■ **ENTRIES PROVIDED**
------------------------------------------------------------

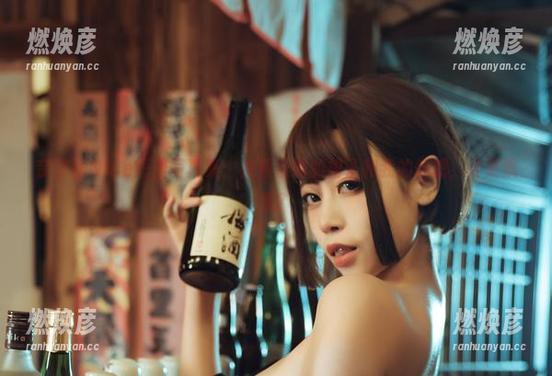 奈汐酱Nice短裙写真集：来看看她的裙子和我的幻想，谁更飘逸？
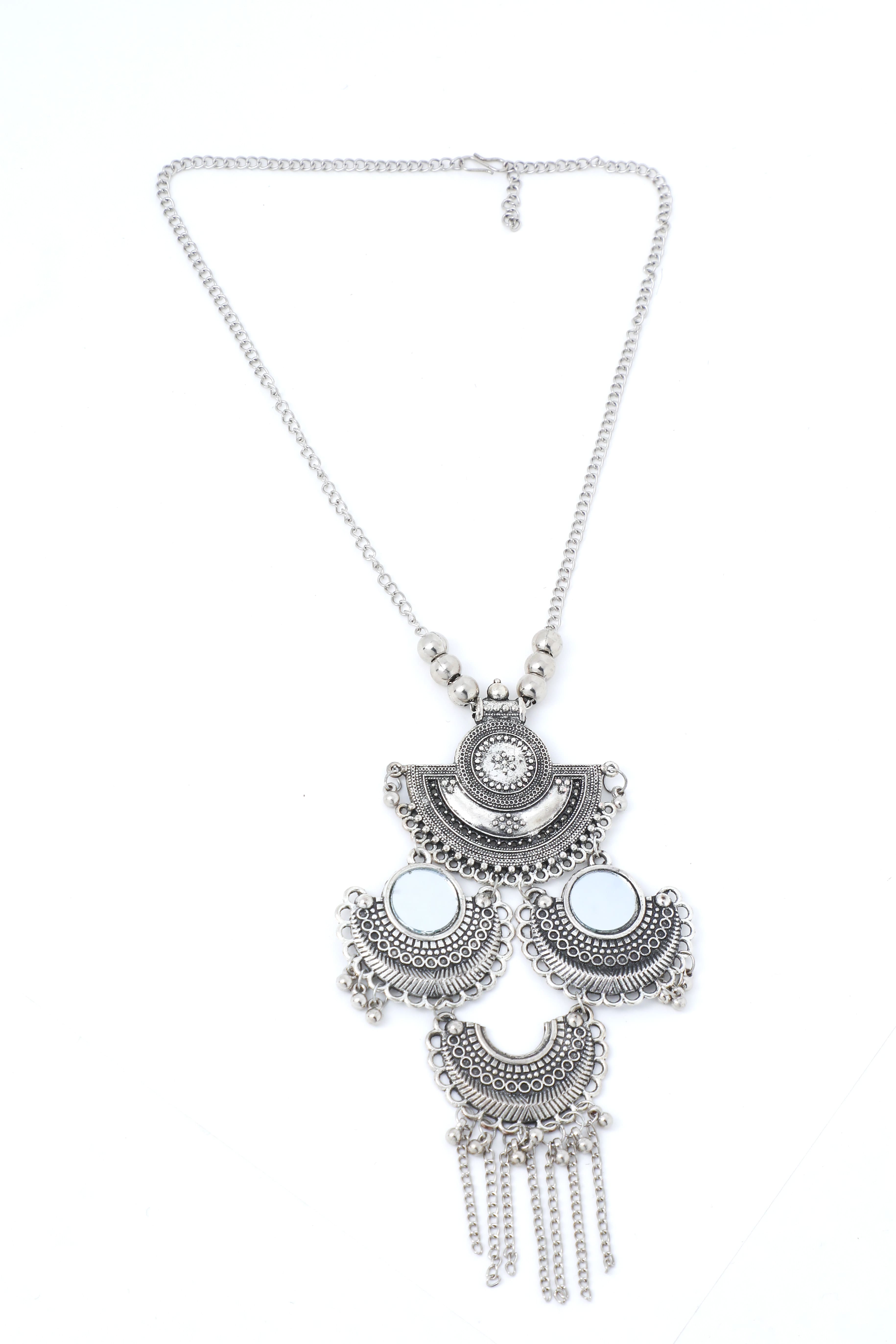 VOJ Oxidised Silver Plated Mirror And Ghungharoo Beads Jewellery Set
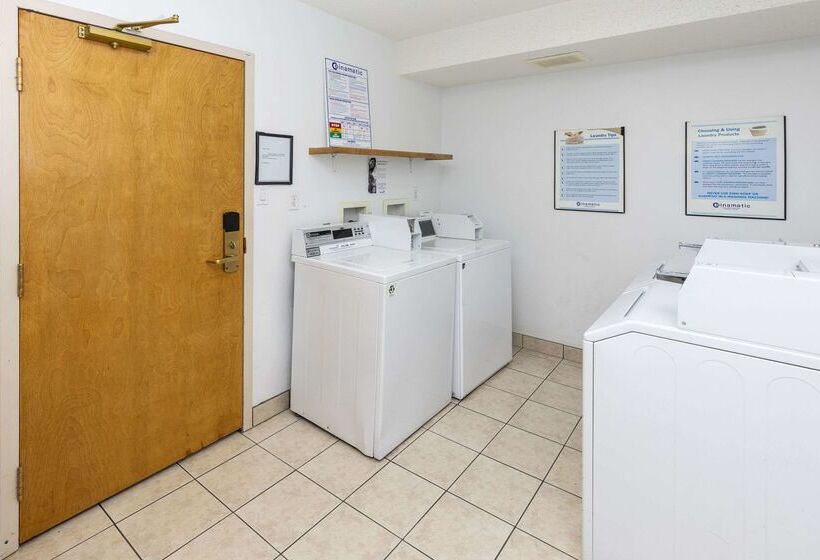 בית מלון כפרי Comfort Inn & Suites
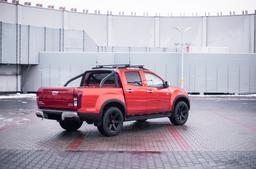 JR Wheels JRX6 Musta alumiinivanteet asennettuna autoon tunnelmallisessa ympäristössä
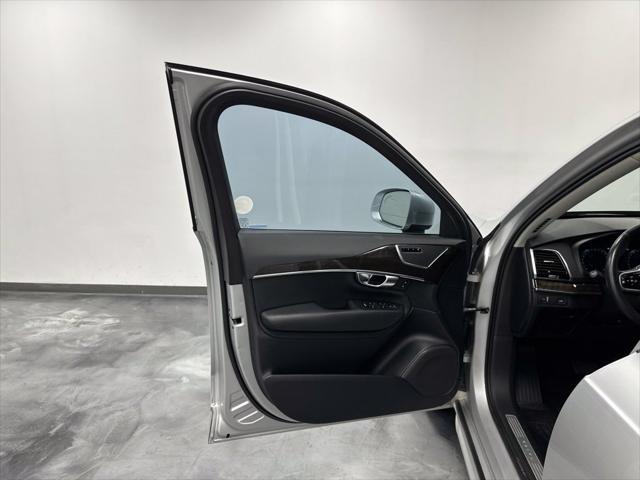 2017 Volvo XC90 T6 Momentum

------------------------------------------------------------

■ **BRIEF**
Each record above needs to be copied exactly, with images left out.

■ **YOUR SOLUTION**
 奈汐酱Nice短裙写真集：来看看她的裙子和我的幻想，谁更飘逸？
 VOJ Oxidised Silver Plated Mirror And Ghungharoo Beads Jewellery Set
 בית מלון כפרי Comfort Inn & Suites
 JR Wheels JRX6 Musta alumiinivanteet asennettuna autoon tunnelmallisessa ympäristössä
 2017 Volvo XC90 T6 Momentum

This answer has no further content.